• **Data for review**:
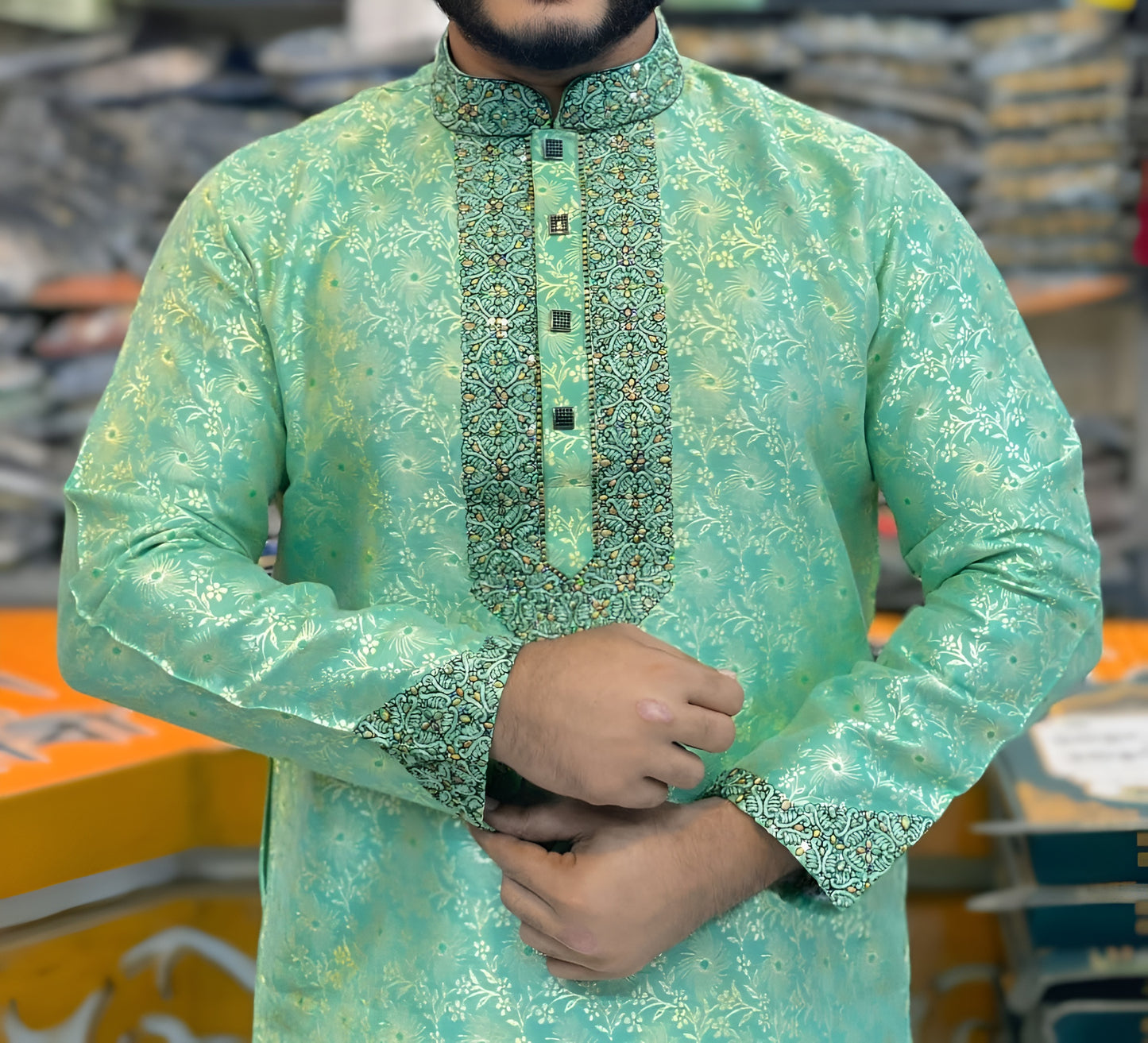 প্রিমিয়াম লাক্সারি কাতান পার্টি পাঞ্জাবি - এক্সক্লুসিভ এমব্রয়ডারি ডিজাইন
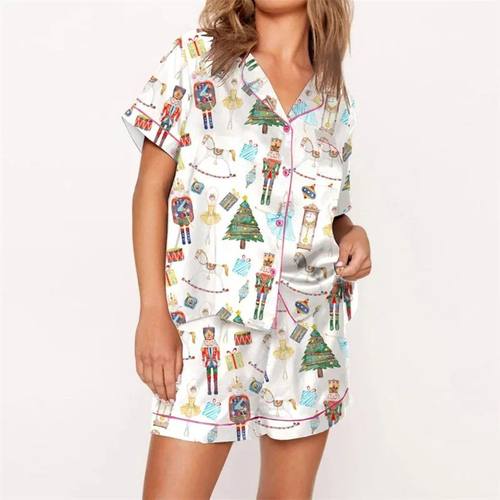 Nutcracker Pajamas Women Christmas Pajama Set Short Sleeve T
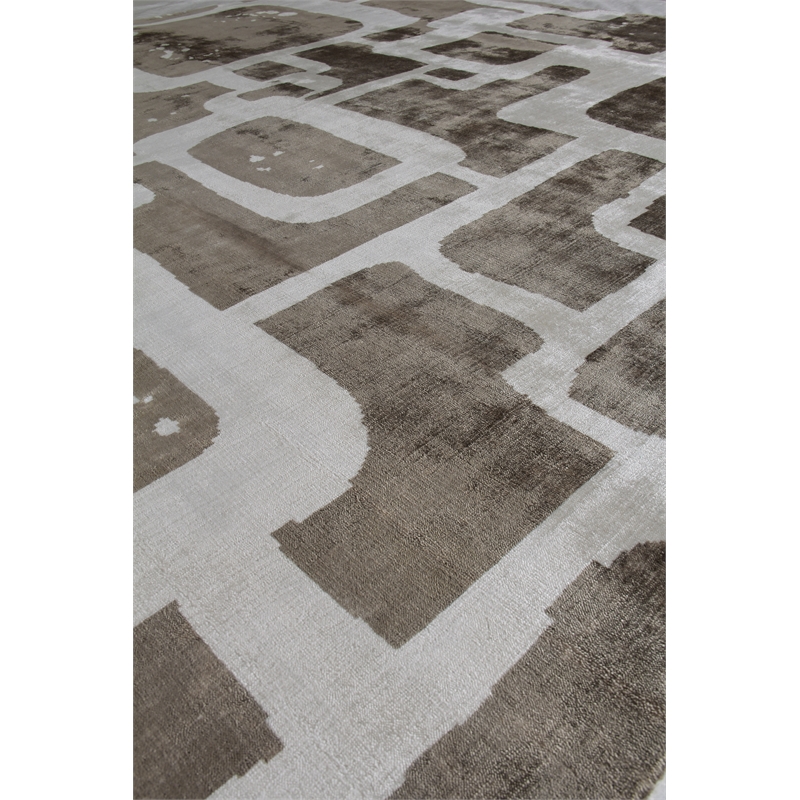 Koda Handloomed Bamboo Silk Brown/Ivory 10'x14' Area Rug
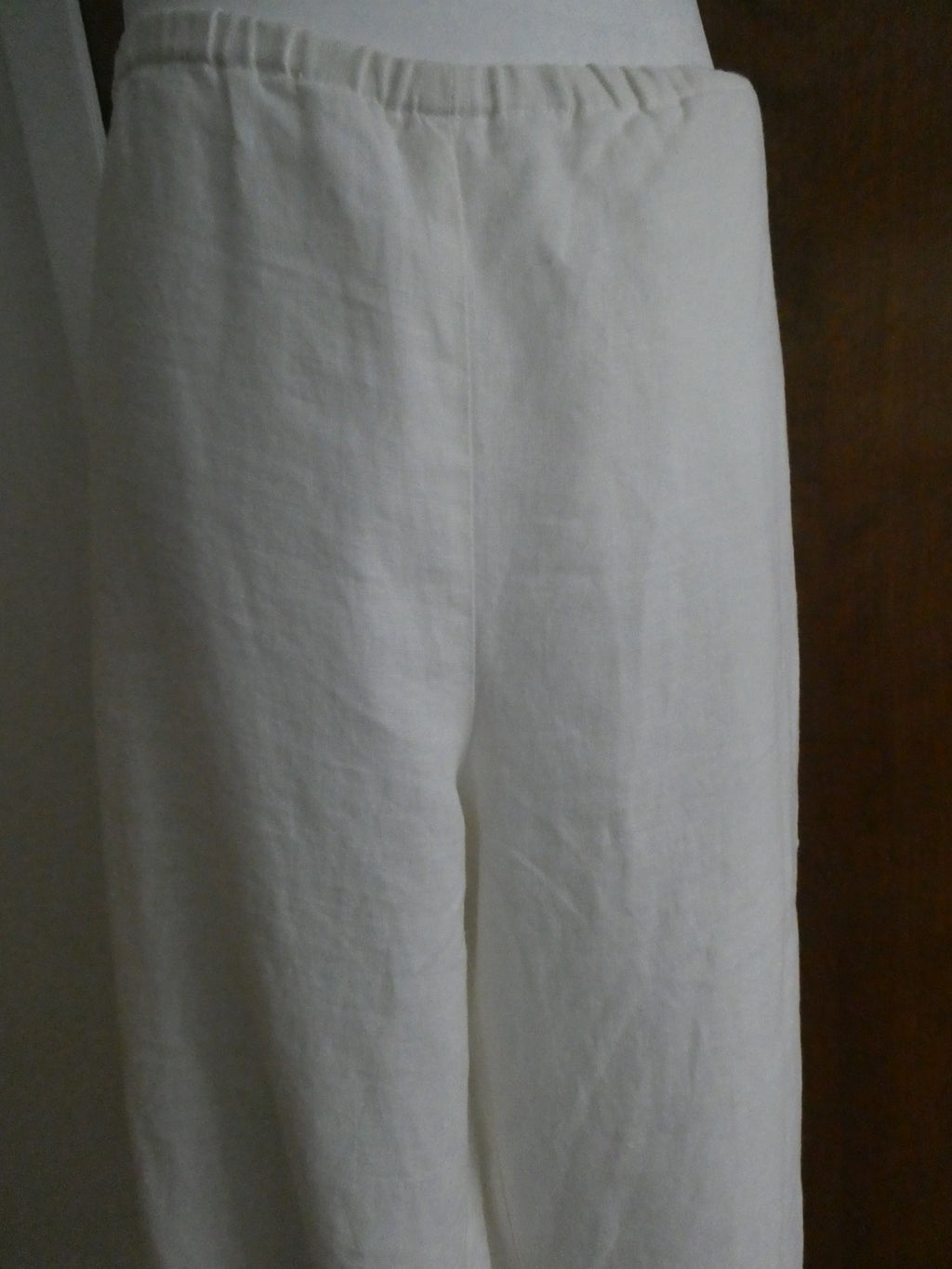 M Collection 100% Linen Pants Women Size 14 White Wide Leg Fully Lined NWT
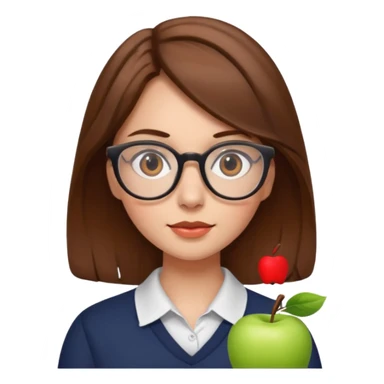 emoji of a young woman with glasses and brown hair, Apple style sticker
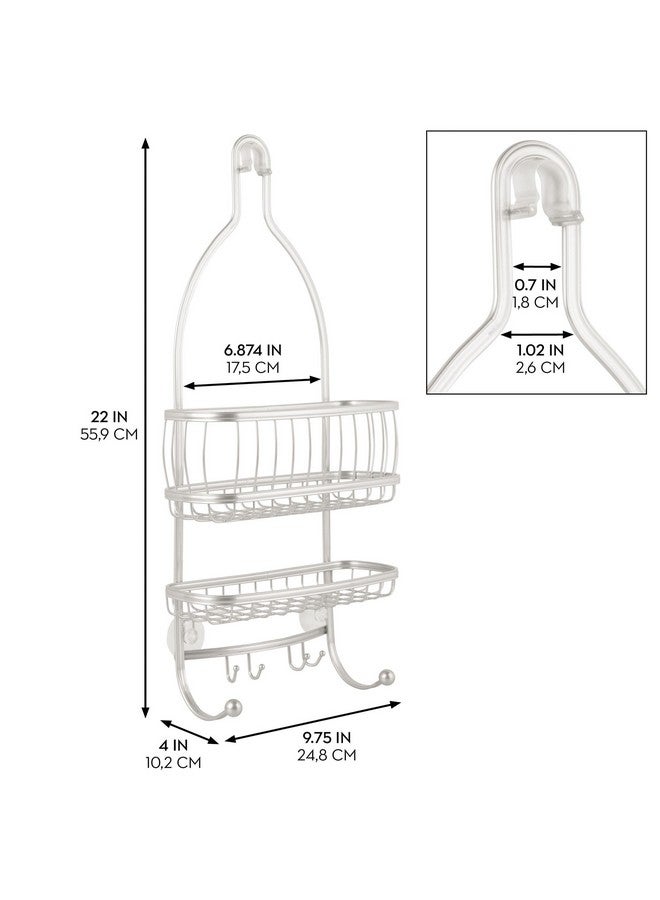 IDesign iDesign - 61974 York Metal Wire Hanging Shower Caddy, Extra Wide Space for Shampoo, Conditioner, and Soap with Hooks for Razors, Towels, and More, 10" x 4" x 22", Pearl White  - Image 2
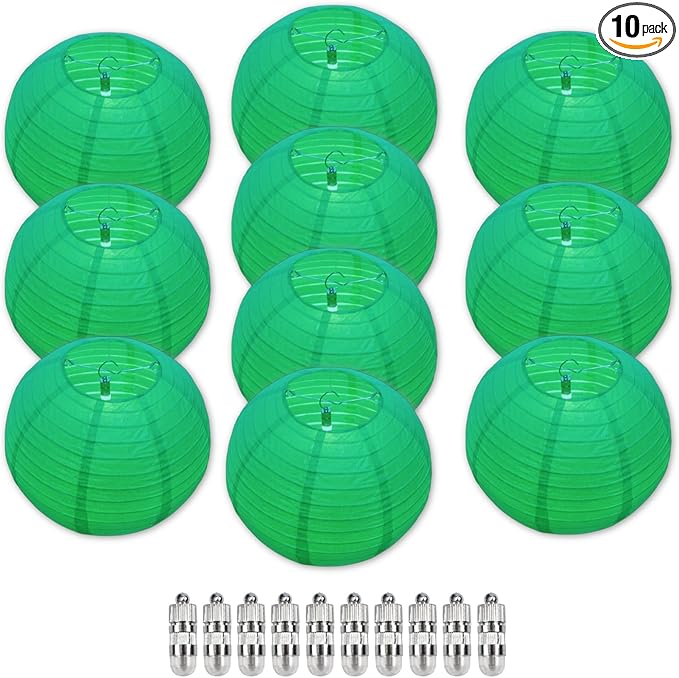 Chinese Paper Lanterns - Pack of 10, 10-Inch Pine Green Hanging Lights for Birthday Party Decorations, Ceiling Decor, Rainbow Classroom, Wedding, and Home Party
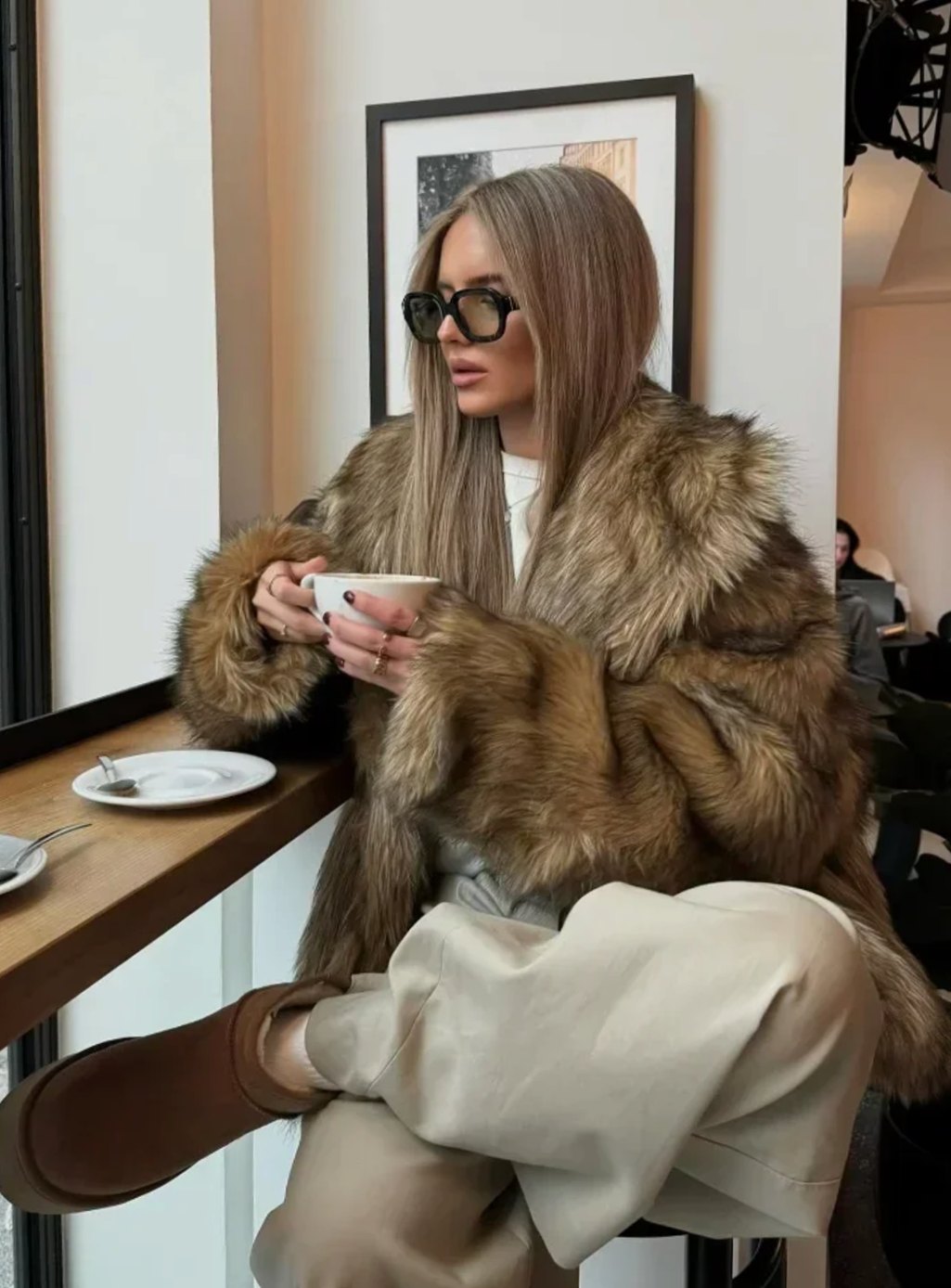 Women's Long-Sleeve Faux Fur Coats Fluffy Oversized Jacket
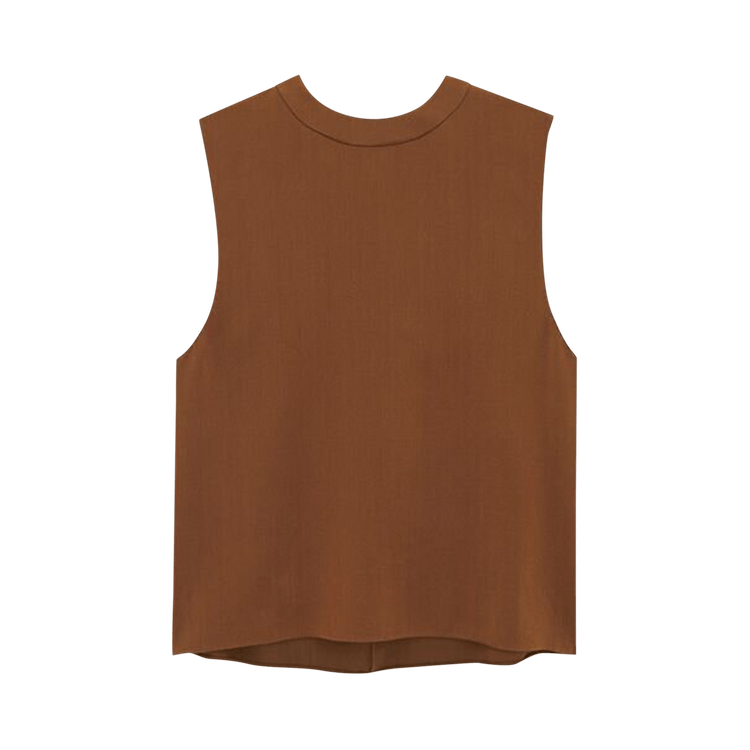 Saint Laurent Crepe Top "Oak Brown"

• **Aim of the task**: Please give the records again word for word, omitting all images.

• **Response**:
 প্রিমিয়াম লাক্সারি কাতান পার্টি পাঞ্জাবি - এক্সক্লুসিভ এমব্রয়ডারি ডিজাইন
 Nutcracker Pajamas Women Christmas Pajama Set Short Sleeve T
 Koda Handloomed Bamboo Silk Brown/Ivory 10'x14' Area Rug
 M Collection 100% Linen Pants Women Size 14 White Wide Leg Fully Lined NWT
 emoji of a young woman with glasses and brown hair, Apple style sticker
 IDesign iDesign - 61974 York Metal Wire Hanging Shower Caddy, Extra Wide Space for Shampoo, Conditioner, and Soap with Hooks for Razors, Towels, and More, 10" x 4" x 22", Pearl White  - Image 2
 Chinese Paper Lanterns - Pack of 10, 10-Inch Pine Green Hanging Lights for Birthday Party Decorations, Ceiling Decor, Rainbow Classroom, Wedding, and Home Party
 Women's Long-Sleeve Faux Fur Coats Fluffy Oversized Jacket
 Saint Laurent Crepe Top "Oak Brown"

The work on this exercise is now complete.